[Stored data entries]
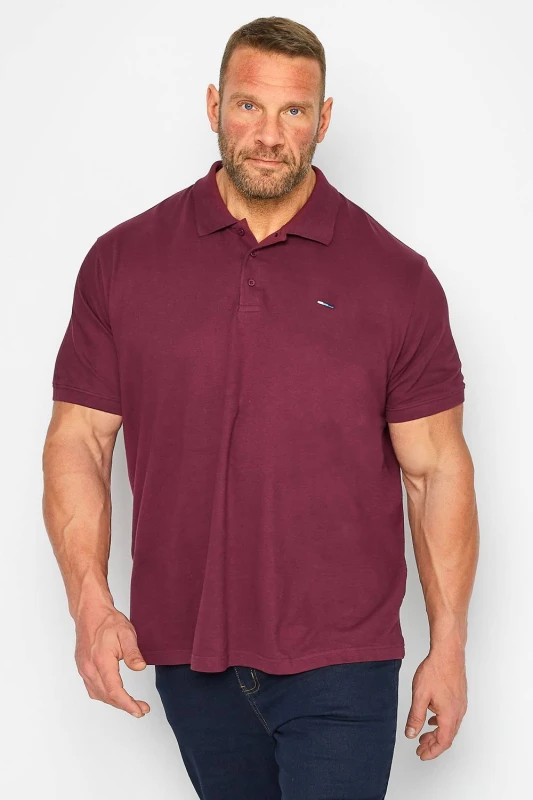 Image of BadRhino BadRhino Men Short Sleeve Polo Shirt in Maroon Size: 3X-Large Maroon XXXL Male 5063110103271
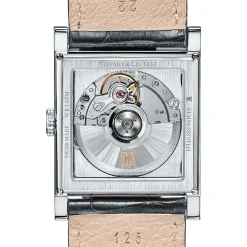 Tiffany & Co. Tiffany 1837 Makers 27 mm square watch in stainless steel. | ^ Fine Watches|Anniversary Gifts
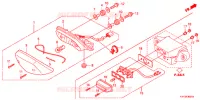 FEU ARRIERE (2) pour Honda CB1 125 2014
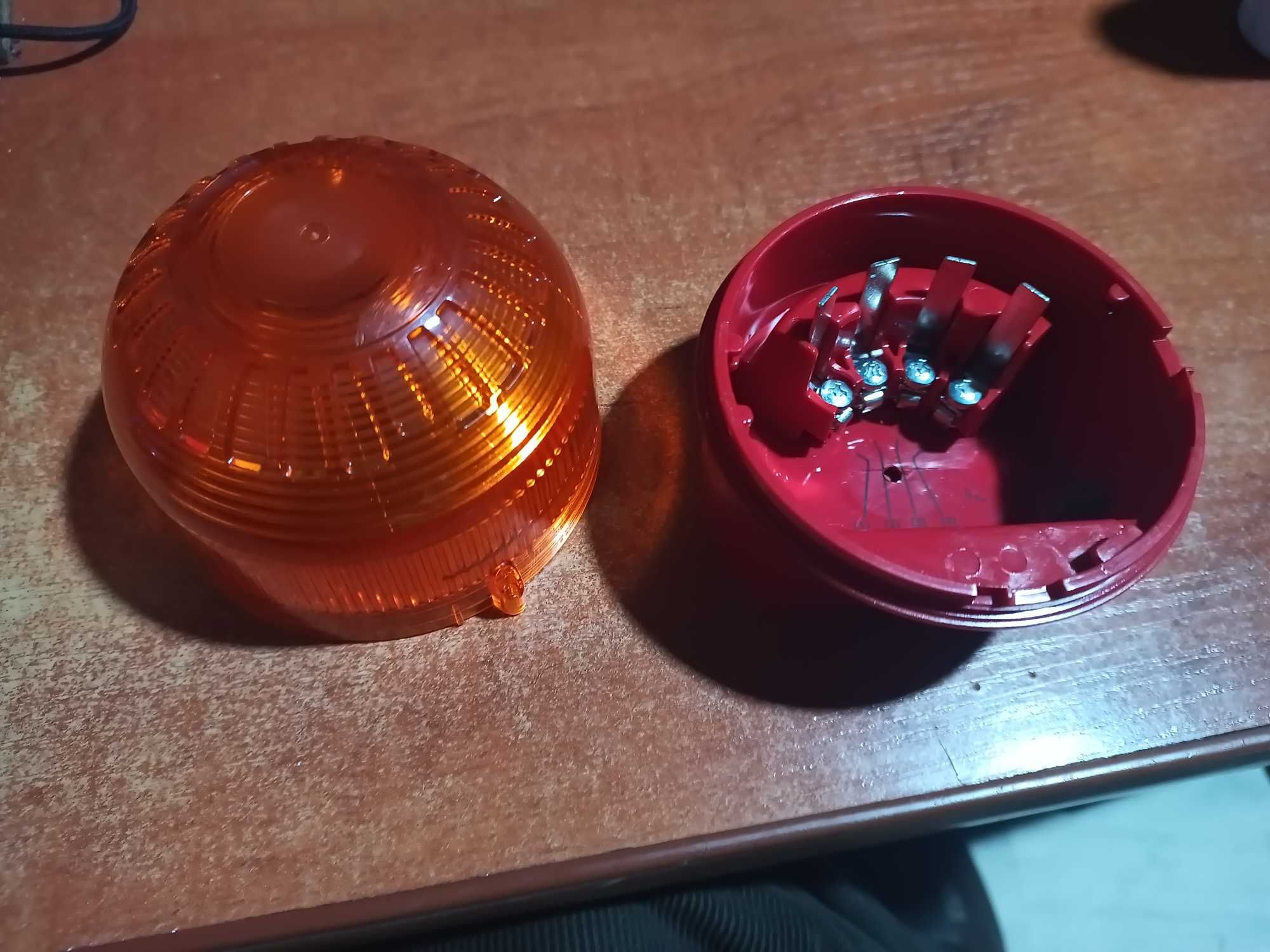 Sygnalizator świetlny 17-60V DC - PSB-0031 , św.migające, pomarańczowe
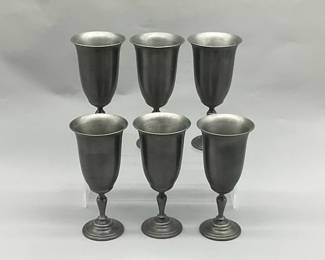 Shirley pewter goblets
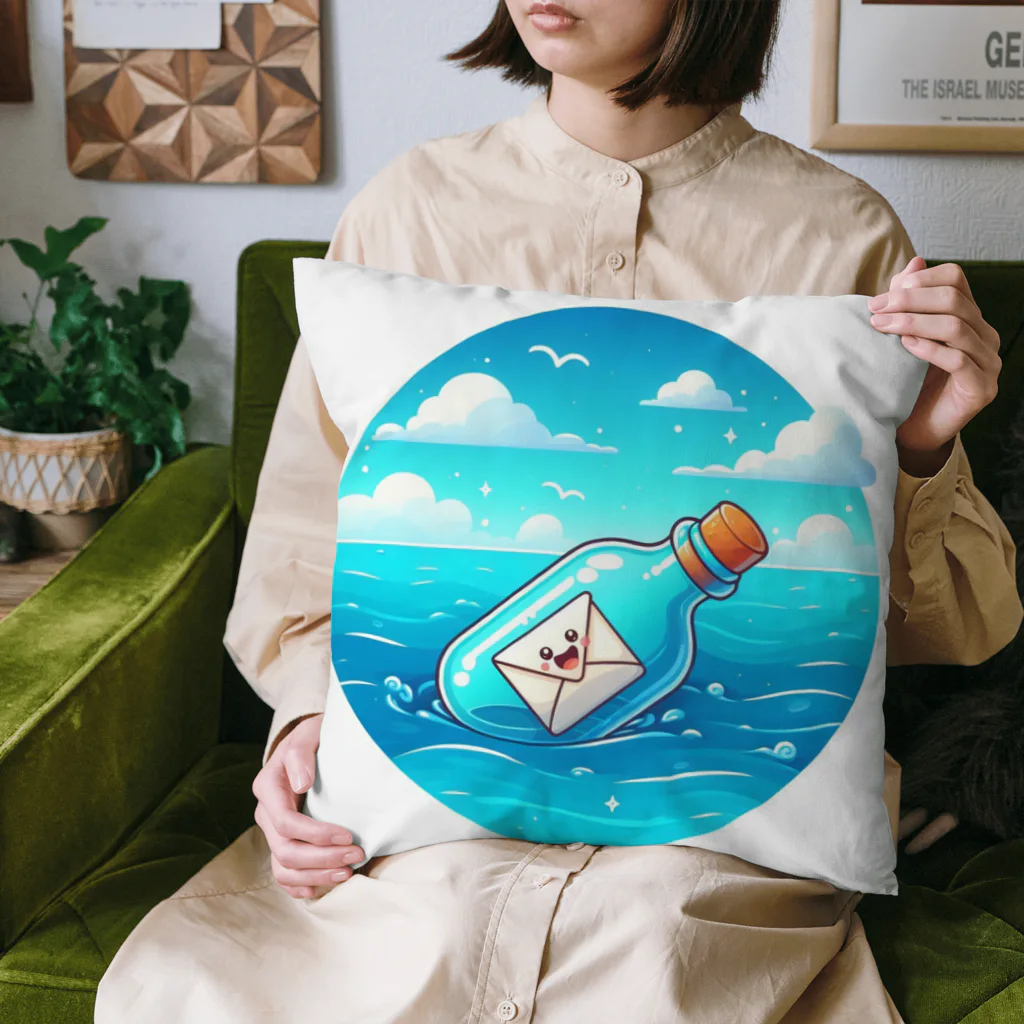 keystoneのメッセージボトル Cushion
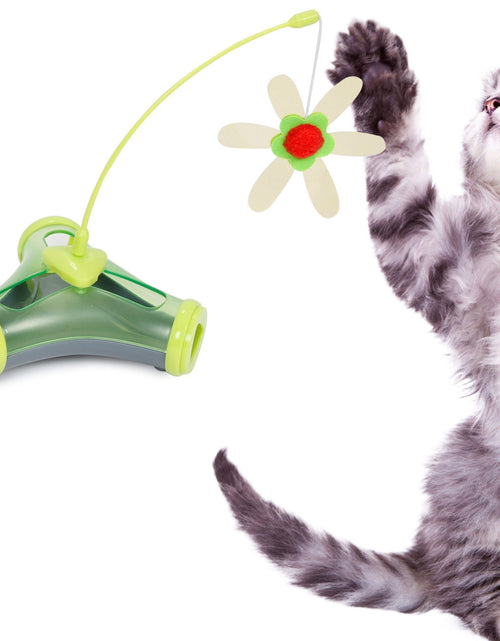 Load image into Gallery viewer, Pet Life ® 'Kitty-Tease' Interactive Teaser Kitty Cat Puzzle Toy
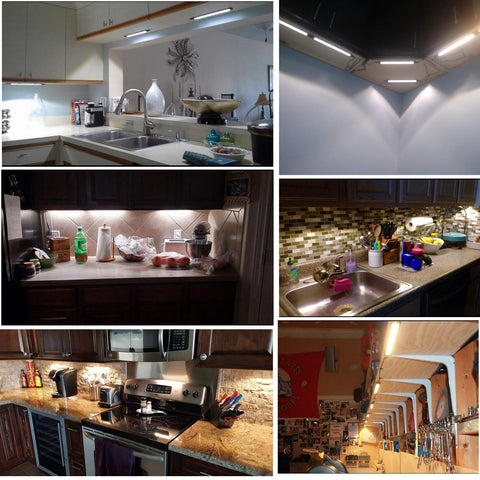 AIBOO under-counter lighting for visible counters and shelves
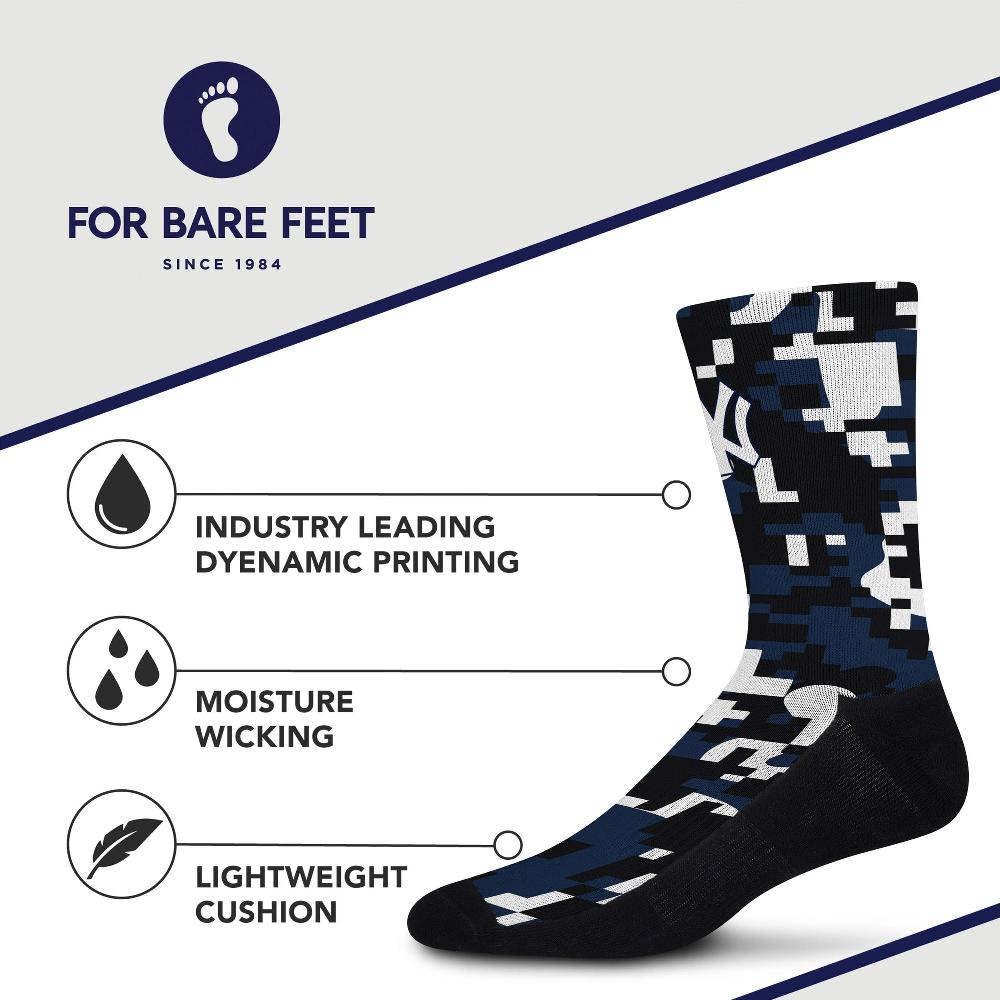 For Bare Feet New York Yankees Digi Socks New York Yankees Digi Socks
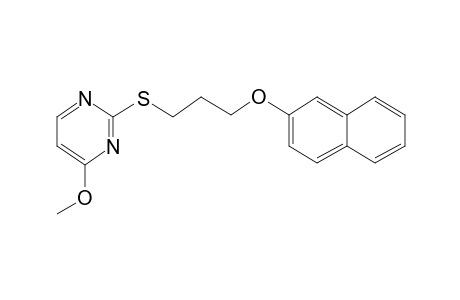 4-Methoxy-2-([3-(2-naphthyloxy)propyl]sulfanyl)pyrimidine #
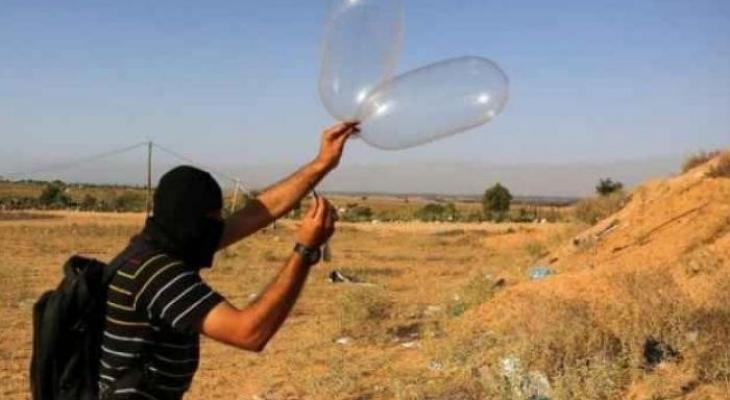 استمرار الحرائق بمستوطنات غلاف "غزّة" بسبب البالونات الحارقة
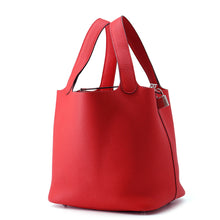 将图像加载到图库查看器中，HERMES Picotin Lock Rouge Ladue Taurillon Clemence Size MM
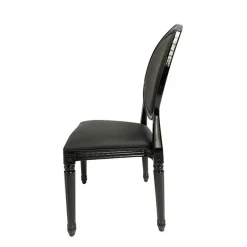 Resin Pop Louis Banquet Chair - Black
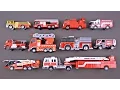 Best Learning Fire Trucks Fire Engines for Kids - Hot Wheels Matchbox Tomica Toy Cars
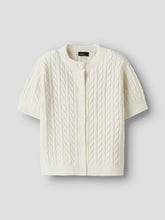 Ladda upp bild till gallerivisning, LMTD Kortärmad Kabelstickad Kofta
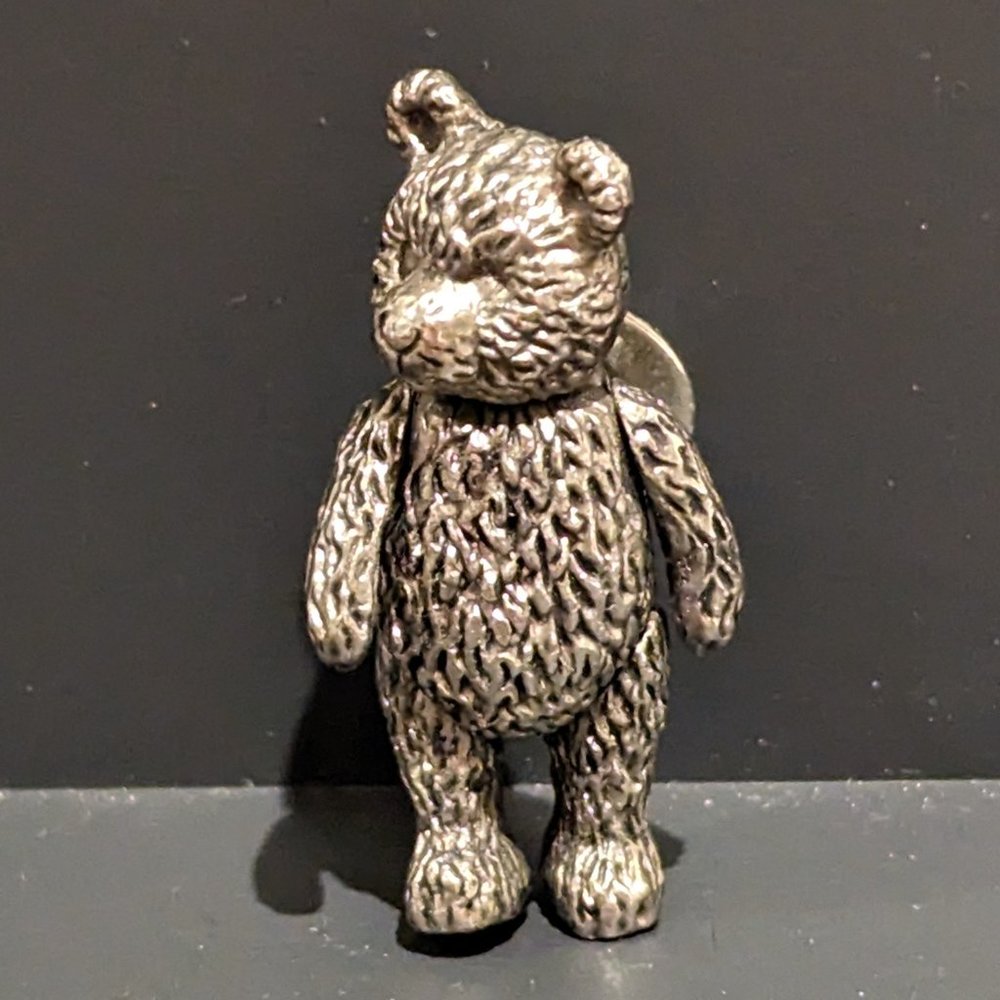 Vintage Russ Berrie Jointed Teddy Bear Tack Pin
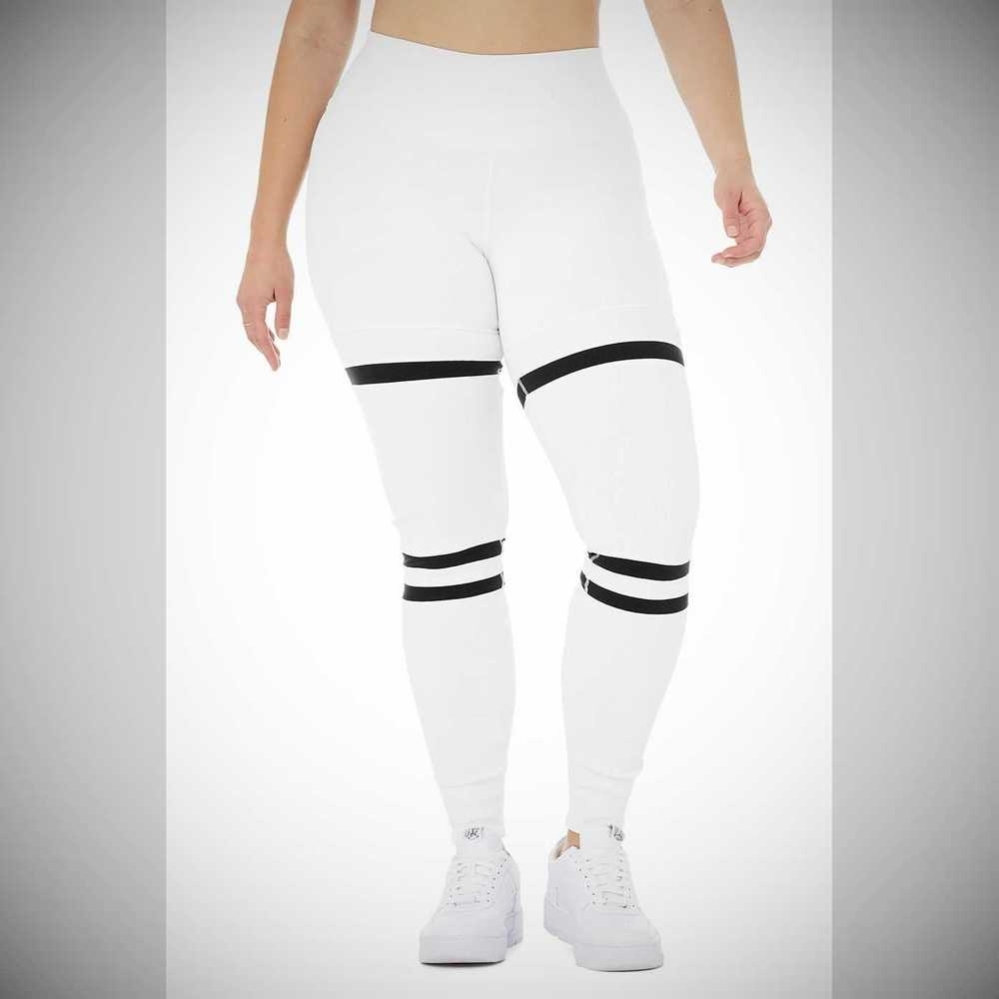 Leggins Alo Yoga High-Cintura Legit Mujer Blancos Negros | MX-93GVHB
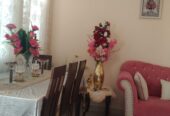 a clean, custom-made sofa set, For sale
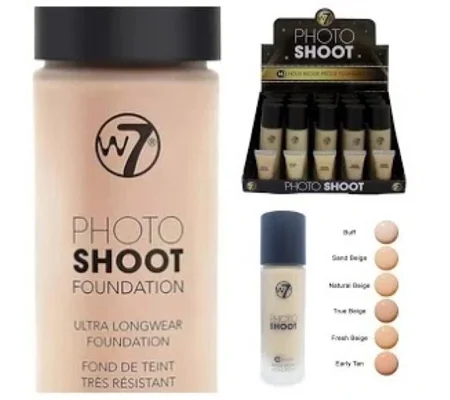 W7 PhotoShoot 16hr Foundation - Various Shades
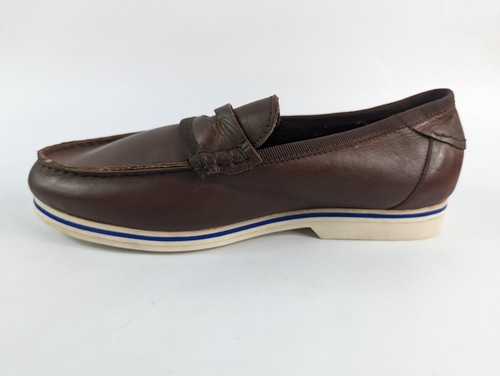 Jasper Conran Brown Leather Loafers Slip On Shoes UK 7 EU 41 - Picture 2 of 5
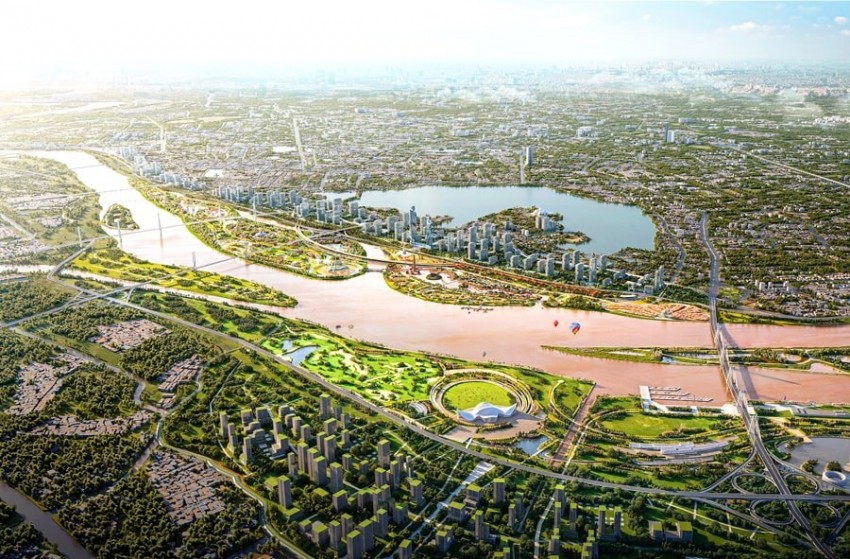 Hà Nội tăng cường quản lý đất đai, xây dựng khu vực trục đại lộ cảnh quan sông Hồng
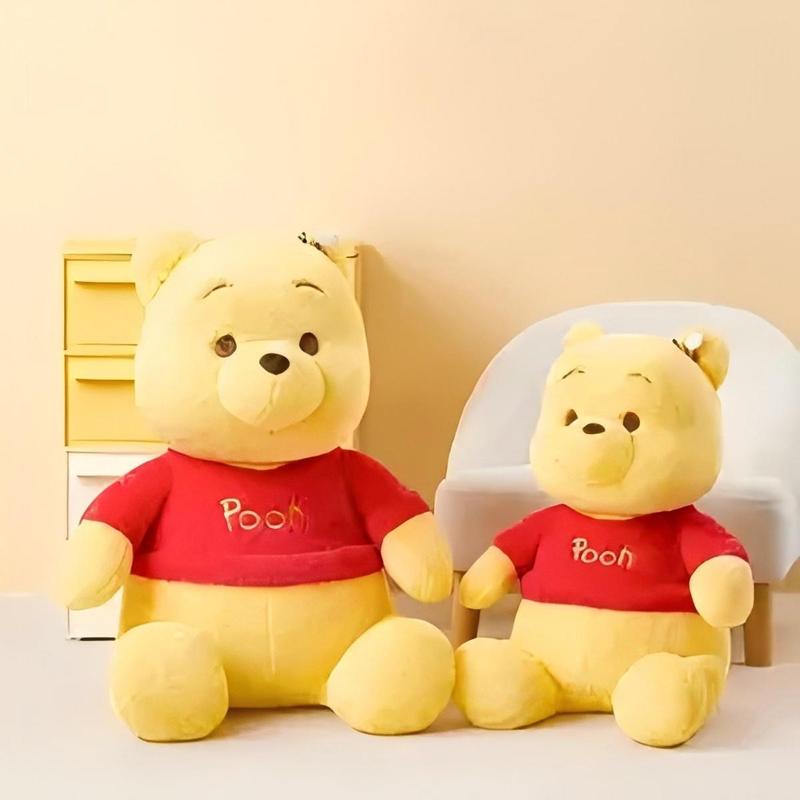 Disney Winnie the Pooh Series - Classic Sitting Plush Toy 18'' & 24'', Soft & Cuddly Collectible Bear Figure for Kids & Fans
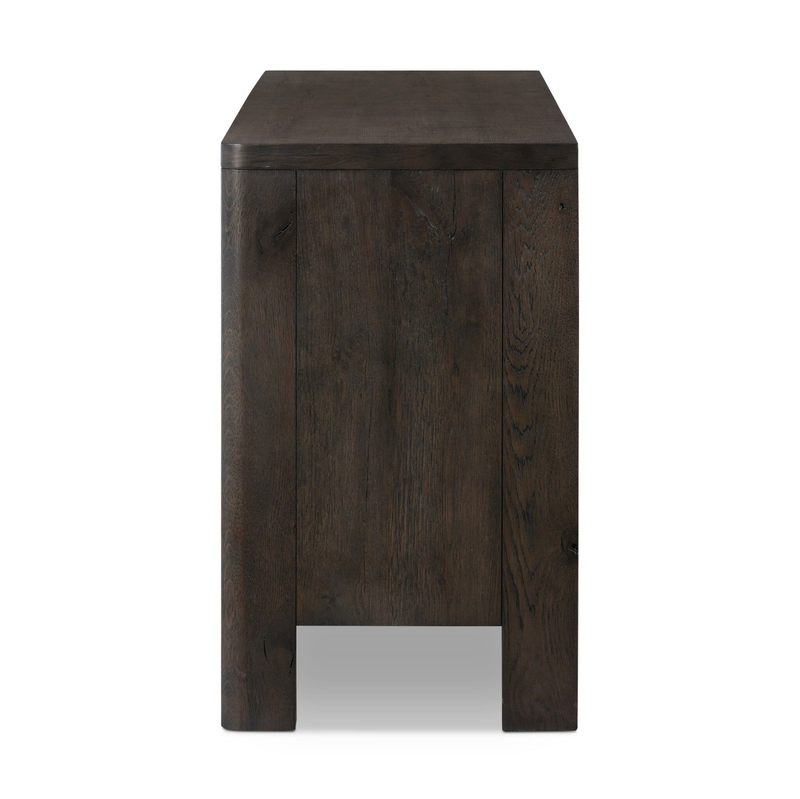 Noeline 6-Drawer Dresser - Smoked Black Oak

What needs to be done ▸
Type out all of the records exactly, leaving out any picture.

Exercise solution ▸
 Image of BadRhino BadRhino Men Short Sleeve Polo Shirt in Maroon Size: 3X-Large Maroon XXXL Male 5063110103271
 Tiffany & Co. Tiffany 1837 Makers 27 mm square watch in stainless steel. | ^ Fine Watches|Anniversary Gifts
 FEU ARRIERE (2) pour Honda CB1 125 2014
 Sygnalizator świetlny 17-60V DC - PSB-0031 , św.migające, pomarańczowe
 Shirley pewter goblets
 keystoneのメッセージボトル Cushion
 Load image into Gallery viewer, Pet Life ® 'Kitty-Tease' Interactive Teaser Kitty Cat Puzzle Toy
 AIBOO under-counter lighting for visible counters and shelves
 For Bare Feet New York Yankees Digi Socks New York Yankees Digi Socks
 4-Methoxy-2-([3-(2-naphthyloxy)propyl]sulfanyl)pyrimidine #
 استمرار الحرائق بمستوطنات غلاف "غزّة" بسبب البالونات الحارقة
 将图像加载到图库查看器中，HERMES Picotin Lock Rouge Ladue Taurillon Clemence Size MM
 Resin Pop Louis Banquet Chair - Black
 Best Learning Fire Trucks Fire Engines for Kids - Hot Wheels Matchbox Tomica Toy Cars
 Ladda upp bild till gallerivisning, LMTD Kortärmad Kabelstickad Kofta
 Vintage Russ Berrie Jointed Teddy Bear Tack Pin
 Leggins Alo Yoga High-Cintura Legit Mujer Blancos Negros | MX-93GVHB
 a clean, custom-made sofa set, For sale
 W7 PhotoShoot 16hr Foundation - Various Shades
 Jasper Conran Brown Leather Loafers Slip On Shoes UK 7 EU 41 - Picture 2 of 5
 Hà Nội tăng cường quản lý đất đai, xây dựng khu vực trục đại lộ cảnh quan sông Hồng
 Disney Winnie the Pooh Series - Classic Sitting Plush Toy 18'' & 24'', Soft & Cuddly Collectible Bear Figure for Kids & Fans
 Noeline 6-Drawer Dresser - Smoked Black Oak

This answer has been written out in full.